Velhasıl!… Erdoğan hem konuştu, hem istişare etti, hem de, sürprizleri oldu, pek tabi ki, gelecek adına da iki yönlü "bir özeleştiriyi de" ikmale getirdi.. Özellikle, "açık mektupta" dile getirmiş olduğum ve AK Parti ile seçmen arasında "oluşan" ıraklığın acilen giderilmesi yönündeki, önerimize de kulak verildi sanırım…

***

Nitekim şöyle seslendi...

"Elbette 20 yıllık bir siyasi partinin içinde kendini dışlanmış hissedenler, belki kalbi kırılanlar, farklı sebeplerle teşkilattan ayağı soğuyanlar olabilir.
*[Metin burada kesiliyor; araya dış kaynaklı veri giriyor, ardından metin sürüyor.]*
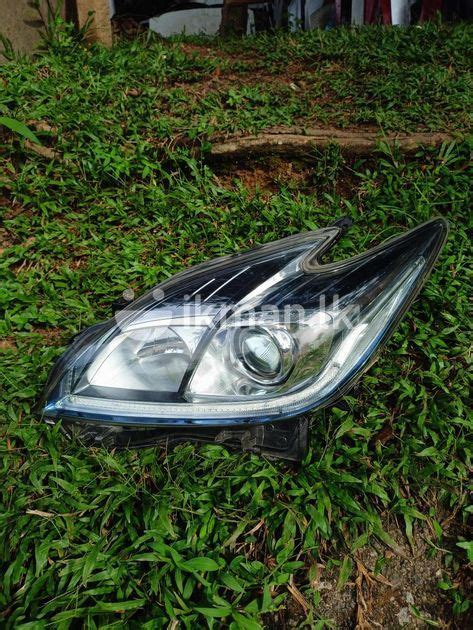 Toyota Prius ZVW30 Headlight In Kottawa Ikman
"Bize düşen en önemli görev, bu kardeşlerimizi tespit edip iletişim kurarak, gerekirse ayaklarına giderek yeniden davamıza kazandırmaktır.

"Önümüzdeki dönemde yeni üyeler, yeni yüzler, yeni yol arkadaşlarıyla saflarımızı sıklaştırırken parti kadrolarımız içindeki muhabbet iklimini daha da güçlendirmek mecburiyetindeyiz.

"Sizlerden, sandık müşahidinden mahalle temsilcisine, il başkanından milletvekiline tam kadro sahada olmanızı istiyorum."

***

Gençlerle buluşması..

Neşet Ertaş'tan "gönül bağları" türküsünü söylemesi!..

Denir ya, Erdoğan'ın gelişi "sürpriz" oldu, karşılaması coşkulu, konuşması "umut" verici, okuduğu türküyle de, "gönül bağlarının" dirliğine ve birliğine, yeni bir akımdı..

Tabi beklenti ve hissiyat oluşan sinerjinin somuta ermesidir..

Yani, 2005'teki "ruhun" kapsayıcılığıyla; yeniden kucaklaşabilmek!…

Bir bütün olarak..

Yoksa, "her şey" suya yazılmış yazıdan öteye gitmez…

Zaman içerisinde, akıp gider..

 

***

GÜNÜN SÖZÜ

Ne etrafınızı kıracak kadar sert, ne de karşınızdakilere cesaret verecek kadar yumuşak olunuz.